The program gffcompare can be used to compare, merge, annotate and estimate accuracy of one or more GFF files (the “query” files), when compared with a reference annotation (also provided as GFF).

This program is based on the CuffCompare utility which is part of the Cufflinks/Tuxedo suite, so the various usage options and output files as documented in the CuffCompare manual apply to the gffcompare program as well.

From the command line, run gffcompare like so:

gffcompare [options]* {-i <input_gtf_list> | <input1.gtf> [<input2.gtf> .. <inputN.gtf>]}

Options
-iprovide a text file with a list of (query) GTF files to process instead of expecting them as command-line arguments (useful when a large number of GTF files should be processed).
-h/-helpPrints the help message and exits
-v/--versionPrints the version number and exits
-o <outprefix>All output files created by gffcompare will have this prefix (e.g. .loci, .tracking, etc.). If this option is not provided the default output prefix being used is: “gffcmp”
-rAn optional “reference” annotation GFF file. Each sample is matched against this file, and sample isoforms are tagged as overlapping, matching, or novel where appropriate. See the refmap and tmap output file descriptions below.
-RIf -r was specified, this option causes gffcompare to ignore reference transcripts that are not overlapped by any transcript in one of input1.gtf,…,inputN.gtf. Useful for ignoring annotated transcripts that are not present in your RNA-Seq samples and thus adjusting the “sensitivity” calculation in the accuracy report written in the file.
-QIf -r was specified, this option causes gffcompare to ignore input transcripts that are not overlapped by any transcript in the reference. Useful for adjusting the “precision” calculation in the accuracy report written in the file.
-Mgffcompare will discard (ignore) single-exon transfrags and reference transcripts.

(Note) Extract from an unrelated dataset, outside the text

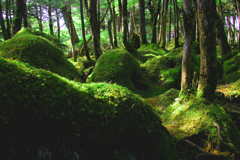 北八ケ岳・苔蒸す樹林帯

This option encompasses the -N option below.
-Ngffcompare will discard (ignore) discard (ignore) single-exon reference transcripts.
-s <seq_dir>Causes gffcompare to look into for fasta files with the underlying genomic sequences (one file per contig) against which your reads were aligned for some optional classification functions. For example, transcripts consisting mostly of lower-case bases are classified as repeats. Note that must contain one fasta file per reference chromosome, and each file must be named after the chromosome, and have a .fa or .fasta extension.
-e <dist>Maximum distance (range) allowed from free ends of terminal exons of reference transcripts when assessing exon accuracy. By default, this is 100.
-d <dist>Maximum distance (range) for grouping transcript start sites, by default 100.
-p <name_prefix>The name prefix to use for consensus transcripts in the <outprefix>.combined.gtf file (default: 'TCONS')
-CDiscard the “contained” transfrags in the .combined.gtf. By default, without this option, gffcompare writes in that file isoforms that were found to be fully contained/covered (with the same compatible intron structure) by other transfrags in the same locus, with the attribute “contained_in” showing the first container transfrag found. Note that this behavior is flipped versus Cuffcompare.
-ALike -C but will not discard intron-redundant transfrags if they start on a different 5' exon (keep alternate transcript start sites)
-XLike -C but also discard contained transfrags if transfrag ends stick out within the container's introns
-KFor -C/-A/-X, do NOT discard any redundant transfrag matching a reference
-TDo not generate .tmap and .refmap files for each input file
-VGffcompare is a little more verbose about what it's doing, printing messages to stderr, and it will also show warning messages about any inconsistencies or potential issues found while reading the given GFF file(s).
-DEnables debug mode, which enables -V and generates additional files: <outprefix>.Qdiscarded.lst and <outprefix>.missed_introns.gtf

Gffcompare output files

Gffcompare produces the following output files:

Overall summary statistics: <outprefix>.stats

In this output file Gffcompare reports various statistics related to the “accuracy” (or a measure of agreement) of the input transcripts when compared to reference annotation data (provided with the -r option). These accuracy measures are calculated under the assumption that the input GFF/GTF file(s) (the "query" transcripts, or transfrags, from one or multiple "samples") are coming from some transcript discovery/assembly pipeline (e.g. Cufflinks or StringTie), or from any other gene/transcript prediction pipeline. GffCompare can be used to assess the accuracy of such pipelines, when comparing their results to a known reference annotation (provided with the -r option). The measures of “sensitivity” and “precision” are calculated at various levels (nucleotide, exon, intron, transcript, gene) for each input file and reported in this .stats file.
These generic accuracy metrics are calculated as described in Burset, M., Guigó, R. : Evaluation of gene structure prediction programs (1996) Genomics, 34 (3), pp. 353-367. doi: 10.1006/geno.1996.0298 (please note that in that paper the authors used the term “Specificity” for what we currently call “Precision”). The following general formulae are used for calculation of Sensitivity and Precision at various levels (base, exon, intron chain, transcript, gene):

Sensitivity = TP / (TP+FN)

Precision = TP / (TP+FP)

Here TP means "true positives", which in this case are the query features (bases, exons, introns, transcripts, etc.) which agree with the corresponding reference annotation features. FN means "false negatives", i.e. features which are found in the reference annotation but missed (not present) in the "query" data. Accordingly, FP are features present in the input "query" data but not confirmed by any reference annnotation data. Notice that FP+TP amounts to the whole input set of "query" features (per sample/input file). If multiple "query" GTF/GFF files are given as input, these metrics are computed separately for each sample.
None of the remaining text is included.